Hummingbird eyes, hawk-moth eyes, butterfly eyes, hover-fly eyes, bee eyes are critically cast over wild flowers, generation after generation, shaping them, colouring them, swelling them, patterning and striping them, in almost exactly the same way as human eyes later did with our garden varieties...

And yet The Greatest Show on Earth is just as ignorantly designed as Hitch-22. The object is uncomfortable, ugly and ultimately disrespectful of the eloquent ideas contained within. The photographic pages, spread liberally throughout, fail horribly in their role and ultimately cause confusion or misery to anyone that attempts to decipher them.

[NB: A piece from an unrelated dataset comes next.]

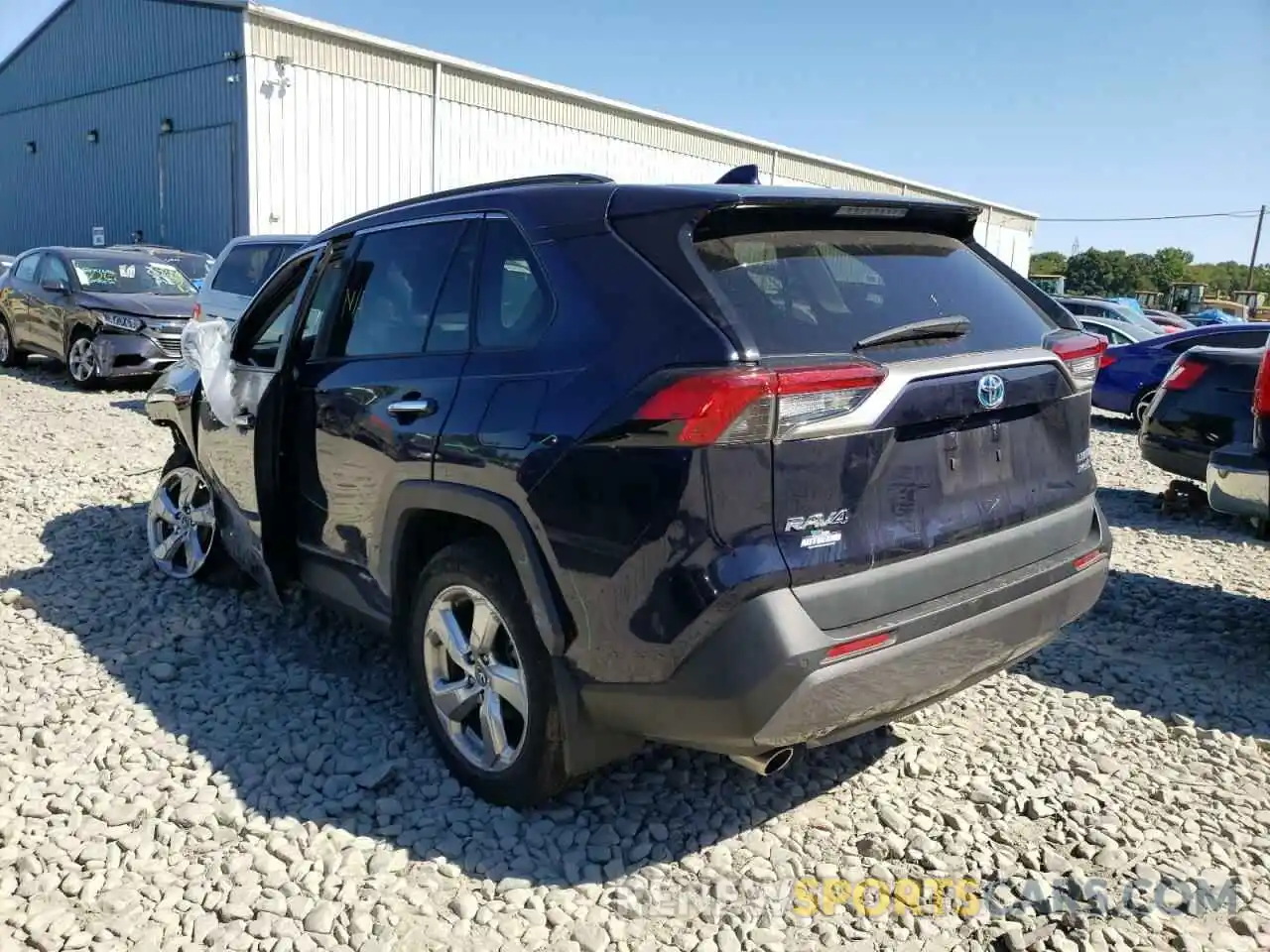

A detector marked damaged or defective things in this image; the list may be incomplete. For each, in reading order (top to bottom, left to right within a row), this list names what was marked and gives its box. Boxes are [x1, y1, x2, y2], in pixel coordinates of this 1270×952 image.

It seems that something crucial is destroyed in this journey from the words of the author to the reader, as the object’s destructive influence does something to the information on transit. The ideas expressed by the beautiful words of Dr Dawkins become less persuasive, less important, therefore making his argument and evidence seem less empirical, less established and certainly less wonderful. Likewise, within the confines of its ugly shell, the confident and bold words of Hitchens appear to be plagued with uncertainty and doubt. There is a complicated mixture of ergonomic and aesthetic malfunction at work in these books and, because of this, some sort of information is being misplaced in the process.

Emotional Information

Some believe that there are two things in an object that must come together in order for it to be a good product of design. We have all heard that these things must be in balance and must be carefully considered by the designer before anything is made. These two ethereal things are commonly referred to as function and form. However I believe that these ideas are inadequate to describe this situation. Instead I think that the problem with these things is much more interesting than a simple miscalculation between function (must be suitable for mass production) and form (dull if not painful typesetting & uninspired cover design). The real problem with these books and their design has nothing to do with the limits of mass production or function outweighing form. Instead it is the complete disregard for the content’s emotional information. So you might ask me to be more specific; what exactly is emotional information? Here we can turn to Robert Bringhurst:

A book is a flexible mirror of the mind. Its overall size and proportions, the color and texture of the paper, the sound it makes as the pages turn, and the smell of the paper, adhesive and ink, all blend with the size and form and placement of the type to reveal a little about the world in which it was made. If the book appears to be only a paper machine, produced at their own convenience by other machines, only machines will want to read it.

Robert Bringhurst, Elements of Typographic Style

An example that sets itself apart and uses emotional information to its advantage would be the recently published books by the Wabi-Sabi Press. They are cheap, small paperbacks and contain various essays by Patrick Lafcadio Hearn, an early 20th century author that wrote extensively about Japanese culture.

The objects appear at first to be like any other book at any large, commercial bookstore. But when we open them and begin to read, it’s immediately obvious that a great deal of care and thought was put into them and how they should best reflect the words of this particular writer. The hygienic look of their covers entirely devoid of advertisements, the comfort of their size and shape, the texture of the paper; the books by the Wabi-Sabi Press eloquently explain themselves through emotion.

The Form of the Book is a Physical Interface

Another way of looking at the object is that of an interface or a system; one that teaches the reader about its tone, its methods of persuasion, its topic and its personality. If we were to strip every single book from its interface and digitally store the text, the emotional experience of most books would be held intact (for example Hitch-22 and The Greatest Show on Earth). They would be read in exactly the same manner as before; nothing would have been lost in translation. And yet, there would be other books that feel naked. They would have an essential part of their experience missing; the invisible information given to us by their interface.

I wonder just how much we are missing from badly made books.